Isn't contacting the author the natural thing to do? Some googling found a user profile for him: http://www.embedded.com/user/JackCrens

fusiongyro · on Oct 31, 2013

He's cool with it. Thanks for digging that up.

fusiongyro · on Oct 30, 2013

Let's find out.

jorgem · on Oct 30, 2013

Isn't this kindof "publicly"?

fusiongyro · on Oct 30, 2013

Yes, let's turn this into a semantic debate. Much more fun and productive.

dllthomas · on Oct 30, 2013

It's not a purely semantic question - "in what way is announcing that you're distributing better than visibly distributing?" - I can think of a couple.

zamalek · on Oct 31, 2013

Personally this is my favorite work on compiler theory. While dragon book is definitely more comprehensive, Let's Build a Compiler is far more approachable (so approachable that I worked through it when I was only 14).

I haven't gone to the bare metal level since (as well as using parser generators), but it's a great piece of work that gives you a slight understanding of what YACC+family do under the covers (even though they are different types of parsers). I continually recommend it as a starting point for anyone who wants to learn how to write parsers.

gozzoo · on Oct 30, 2013

I don't know if this is the same thing, but it looks like it:

pdf - http://www.penguin.cz/~radek/book/lets_build_a_compiler.pdf

html - http://www.penguin.cz/~radek/book/lets-build-a-compiler/

smoyer · on Oct 30, 2013

I remember reading this when he first published it (as well as everything he ever wrote for "Embedded Systems Programming"). Jack Crenshaw is my favorite Rocket (Computer) Scientist!

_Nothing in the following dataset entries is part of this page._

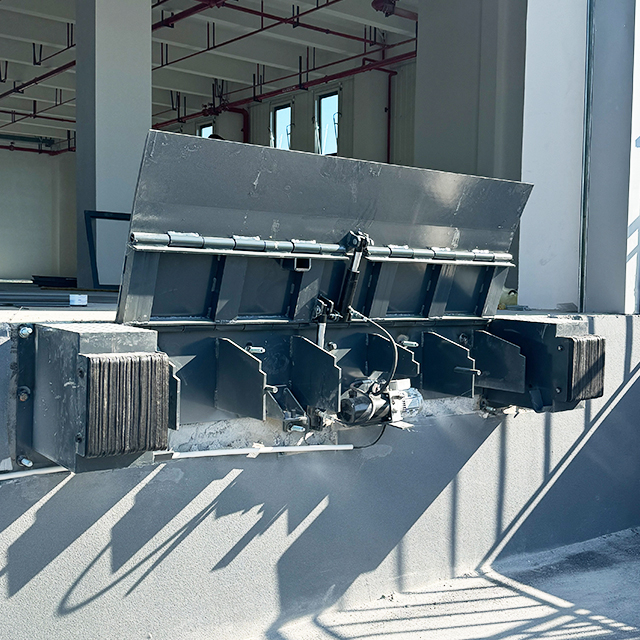 Edge-of-Dock Leveler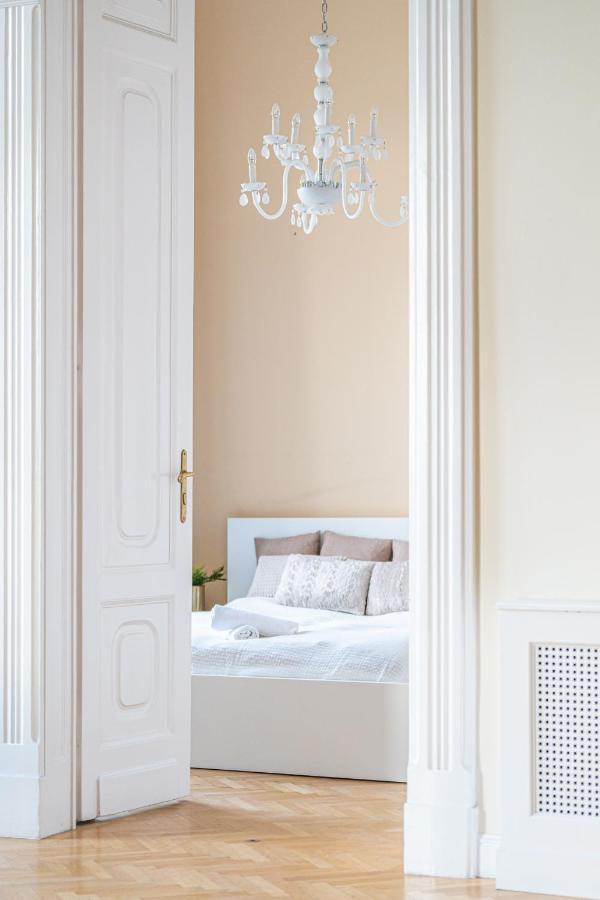 Matilda Luxury Suite Apartment Budapest Luaran gambar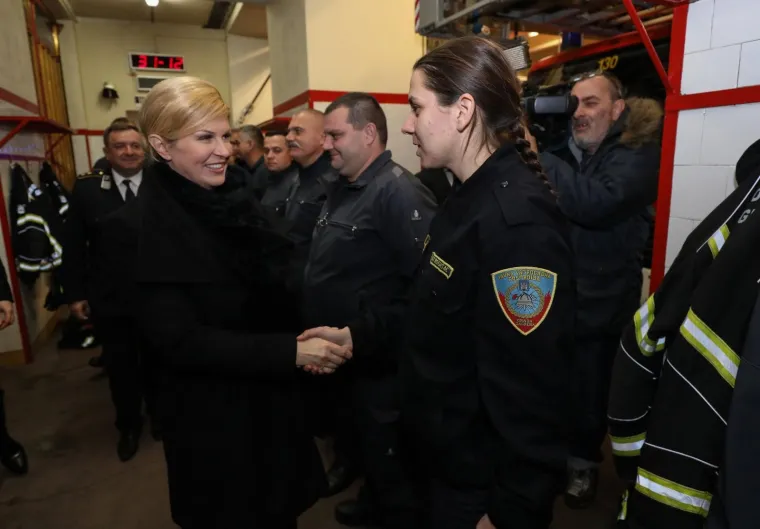 Predsjednica Republike Kolinda Grabar Kitarović Novu je godinu dočekala u Javnoj vatrogasnoj postrojbi Grada Zagreba, a prethodno je posjetila i zagrebačku policiju gdje je građanima čestitala Novu godinu.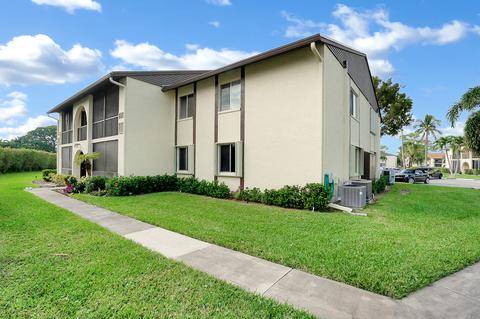 5930 Whispering Pine Way #B-2, Greenacres, FL 33463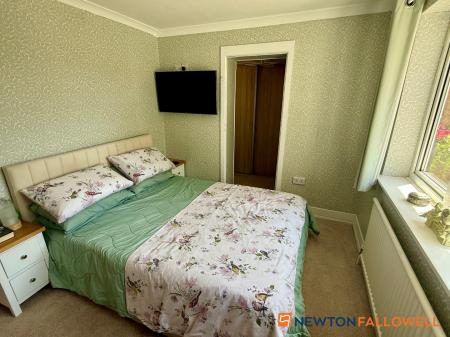 2 bedroom Semi-detached bungalow for sale in Crew Road, Collingham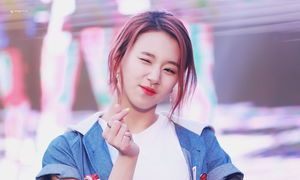 Photo : Chaeyoung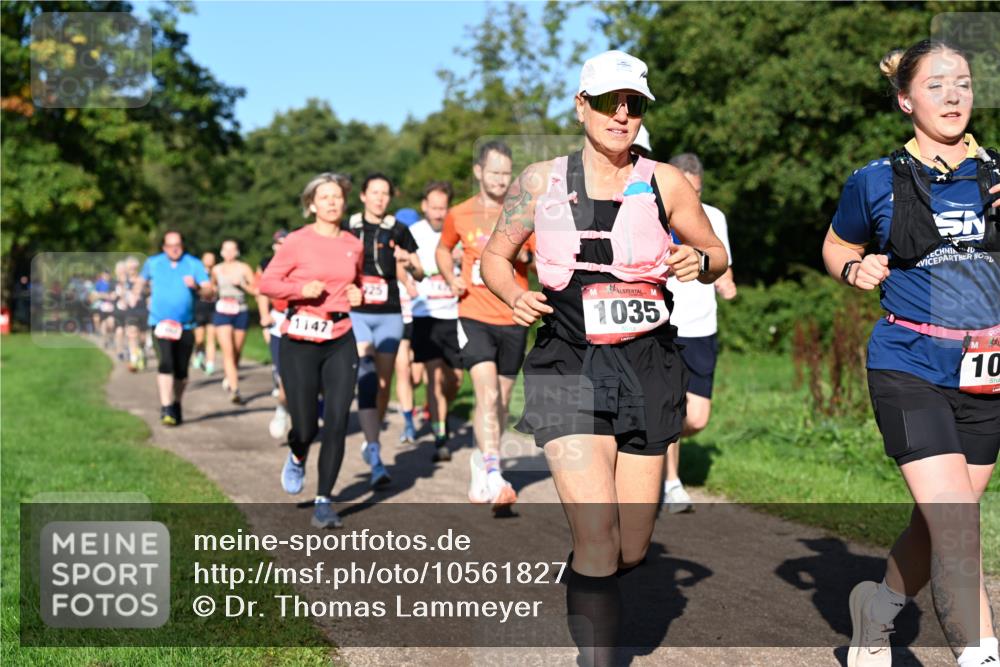 27.09.2026 - 35. Volkslauf durch das schöne Alstertal Dr. Thomas Lammeyer http://msf.ph/oto/10561827 27.09.2026 10:05:55 Laufen 1147, 1035, 10 meine-sportfotos.de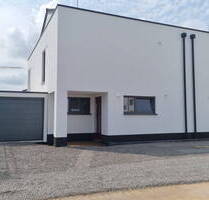 Moderne Doppelhaushälfte mit Garage und schönem Garten - Nörvenich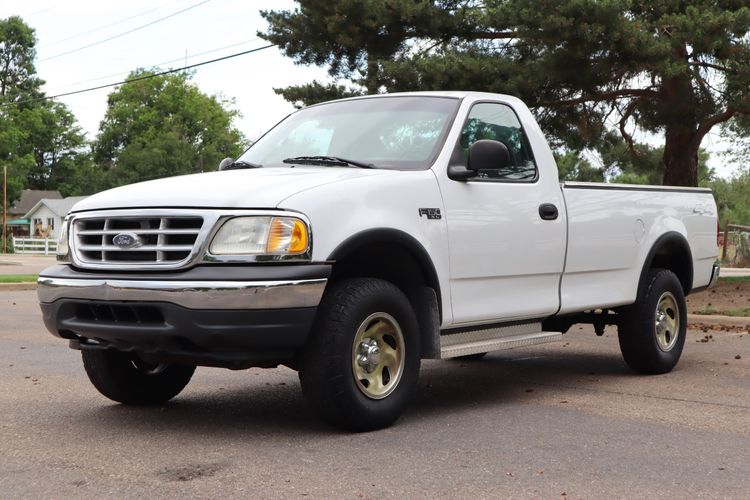 2001 Ford F-150 XL | Victory Motors of Colorado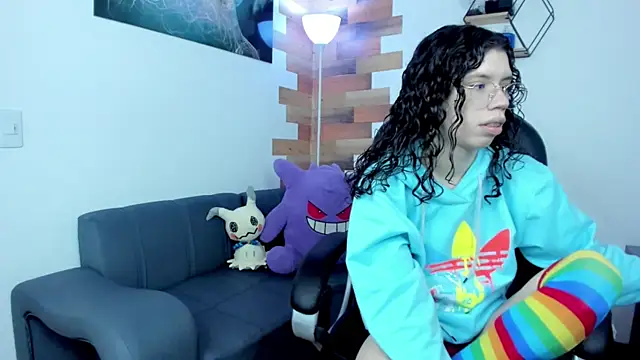 Snapshot of Angel_Dust18 chatting on January 2025 08:13:02 PM Angel Dust18 online show from January 2025 08:13:02 PM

AlexanderDhoore · on Oct 30, 2013

Reading the text files, using vim, which were written in the 80s and talk about Borland and other old stuff, makes me... a bit sentimental.

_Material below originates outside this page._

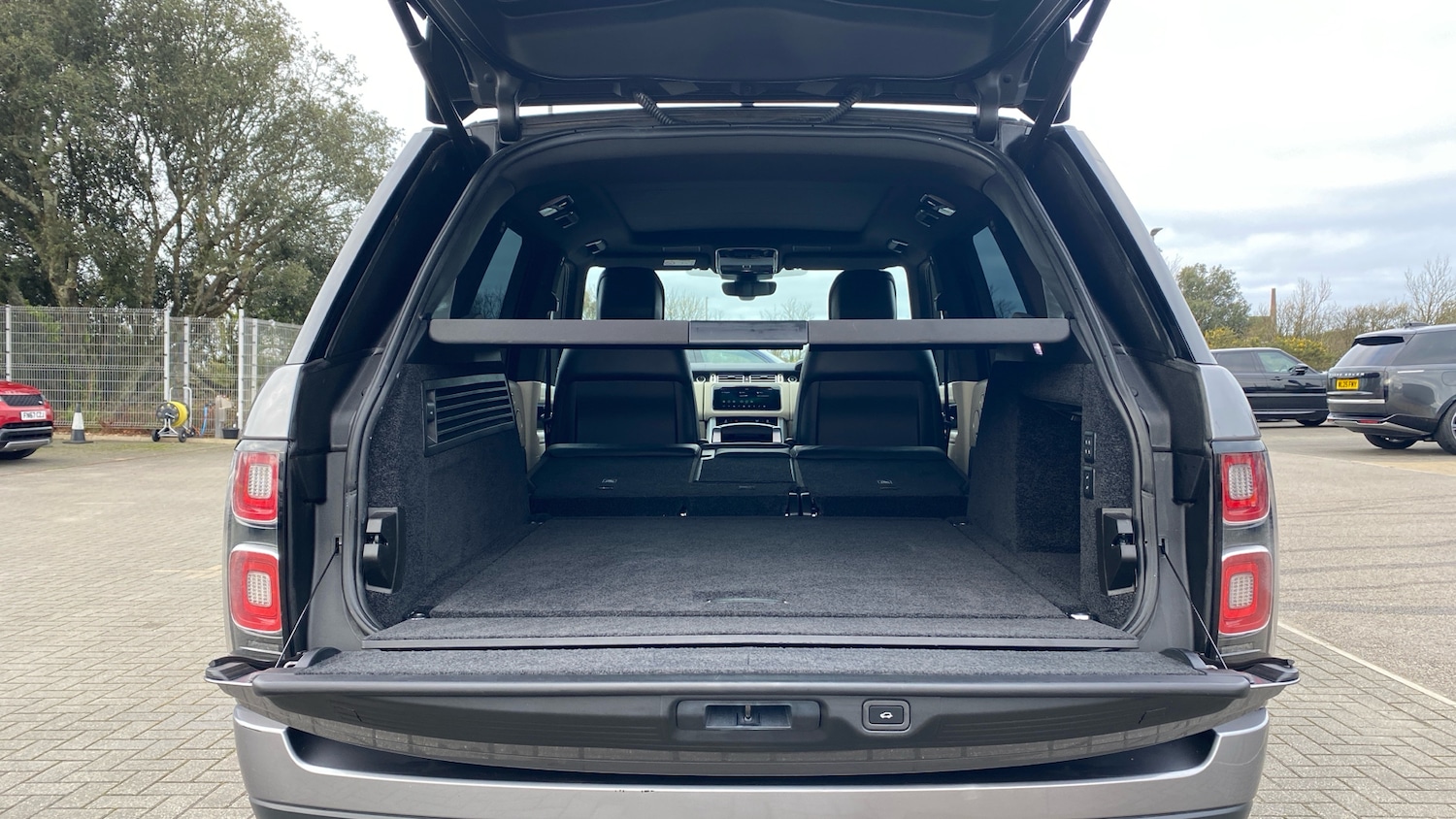 Used Land Rover Range Rover 2021 for sale - 77195636: Photo 10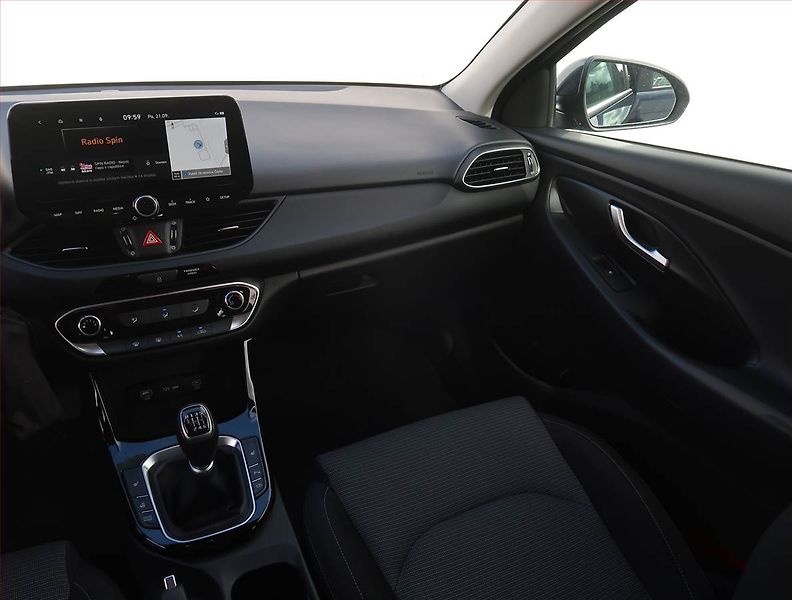 Hyundai i30 (2025) Family 1.5 T-GDI MHEV 48V - fotka 8 z 20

segmondy · on Oct 30, 2013

Talking about sentimental, This made me giggle, "there will probably never come a time when a good assembler-language programmer can't out-program a compiler."

Reading that reminded me why I'll never make predictions on computing, especially on what can't be done.

vidarh · on Oct 31, 2013

A good assembler-language programmer these days starts with the output of a compiler. And then proceeds to beat the pants off said compiler by optimizing specific portions.

Not least because no language includes sufficient semantic information for the compiler to be able to safely optimize all the parts that the programmer can.

It's still mostly true - just not worth the effort for anything but smaller fragments.

nocman · on Oct 31, 2013

Yeah, I was going to say something similar. You'll never get a compiler to be as intelligent as a human being. At best you'll get human intelligence rapidly applied by a computer to a problem. The computer will be able to do this "manual labor" (if you want to call it that) faster than a human can. However, a human being will be able to find ways to optimize for the problem that a computer will not be able to.

I realize that many people believe that computers will some day be able to truly think on a human level. I just don't happen to be one of those people.

monkey_slap · on Oct 30, 2013

Would there happen to be a PDF or eBook format of this?

Jtsummers · on Oct 30, 2013

PDF: http://compilers.iecc.com/crenshaw/tutorfinal.pdf

At the bottom of the page.

monkey_slap · on Oct 30, 2013

Thanks!

statictype · on Oct 31, 2013

I read this in high school. At some point a light bulb went off and I finally got recursive descent parsers. Great series.